Resurgence is set in an alternative reality where the world has been united in some kind of utopian peace time since the events of the first film. Unfortunately, for all involved, the aliens that wiped out a huge chunk of the planet’s population have merely been having a breather. Almost twenty years to the day, as 4th of July approaches, the second wave is about to unleash Hell on Earth and, as returning character David Levinson (Jeff Goldblum) aptly points out, the threat is ‘bigger than the last time.’
The plethora of characters that populate the film are comprised of a mix of old faces from the original and a new breed of young guns brought into the fray to inject an element of youthful exuberance to proceedings. None of them are fleshed out in a satisfactory manner or provided with a subplot that rouses the least bit of interest.
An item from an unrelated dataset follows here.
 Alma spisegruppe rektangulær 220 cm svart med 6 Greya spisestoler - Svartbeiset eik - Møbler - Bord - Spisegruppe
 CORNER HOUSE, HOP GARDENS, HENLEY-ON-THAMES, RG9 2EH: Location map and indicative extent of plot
Goldblum’s Levinson, while being elevated to a high level government position as Director of Earth Space Defense, still manages to deliver little more than the dopey, bewildered one liners that defined his computer geek persona in the first film. Bill Pullman also returns as Thomas J. Whitmore, now a battle weary ex-president suffering from failing health and haunted by the events that took place under his charge. An endearing character, his rousing speeches are well delivered but the plot to psychically link him to the alien invaders is never developed beyond a perfunctory level. Will Smith, the charismatic star of the original, wisely passed on the opportunity to reprise his role. His character Steve Hiller has been killed off and the torch passed to stepson Dylan Dubow-Hiller (Jessie Usher) and Jake Morrison (Liam Hemsworth) as pilots charged with saving the day. Neither of them are graced with a notable presence or appealing personality and an attempt to inject dramatic conflict between their characters is woefully under written. The aliens themselves lack the intrigue and genuine menace of the first film. The drawn out build up to their arrival is void of tension and their impact is diluted in the CGI chaos that ensues.
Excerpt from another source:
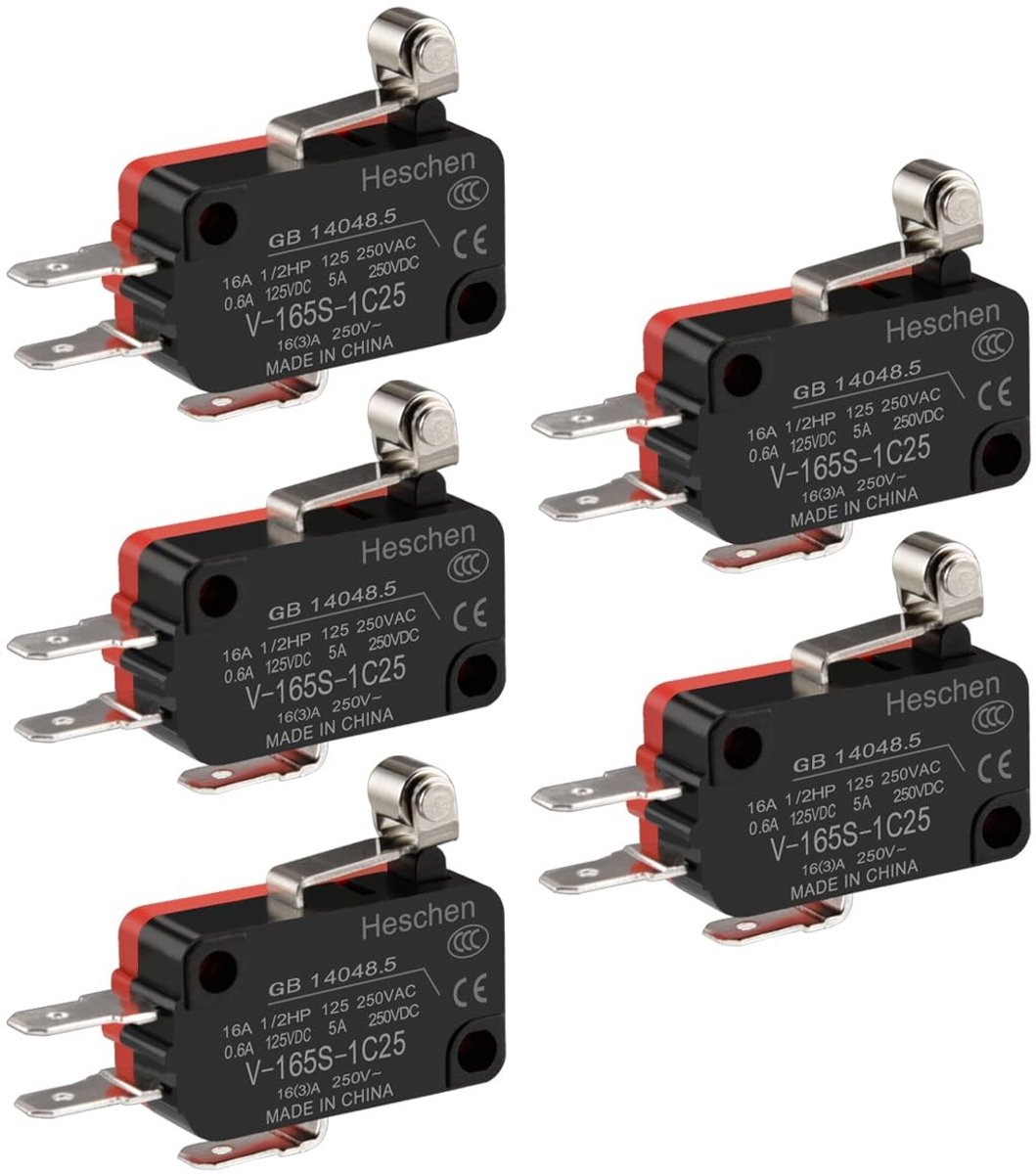 Dailygoods - Micro Switch - 16A 250VAC - Rood - Roller Lever - Betrouwbare prestaties - Geschikt voor panelen - 5 stuks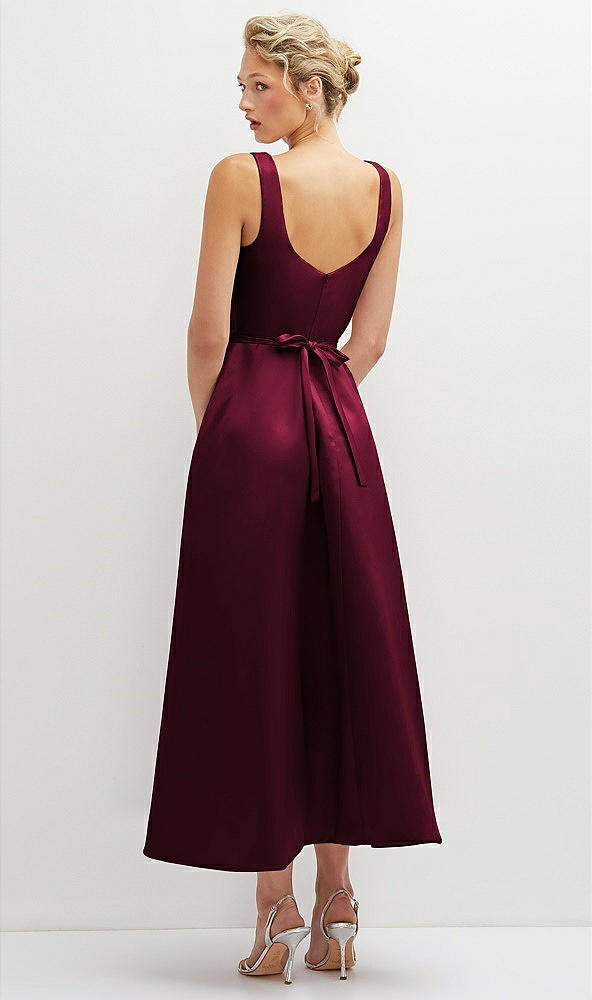 Back View - Cabernet Square Neck Satin Midi Dress with Full Skirt & Flower Sash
It’s a sorry, soulless mess of a film. While the original was flawed, it still worked as a monumental popcorn event movie which effectively blended 50’s sci-fi schlock, 70’s disaster movie mayhem and inventive practical effects. This sequel comes up badly lacking in comparison. Technical proficiency, big budget visuals and bombastic action sequences fail to paper over a lazy, insipid script. The end product is banal, bland and unforgivably boring. It may well challenge Godzilla as the low point of Emmerich’s career to date.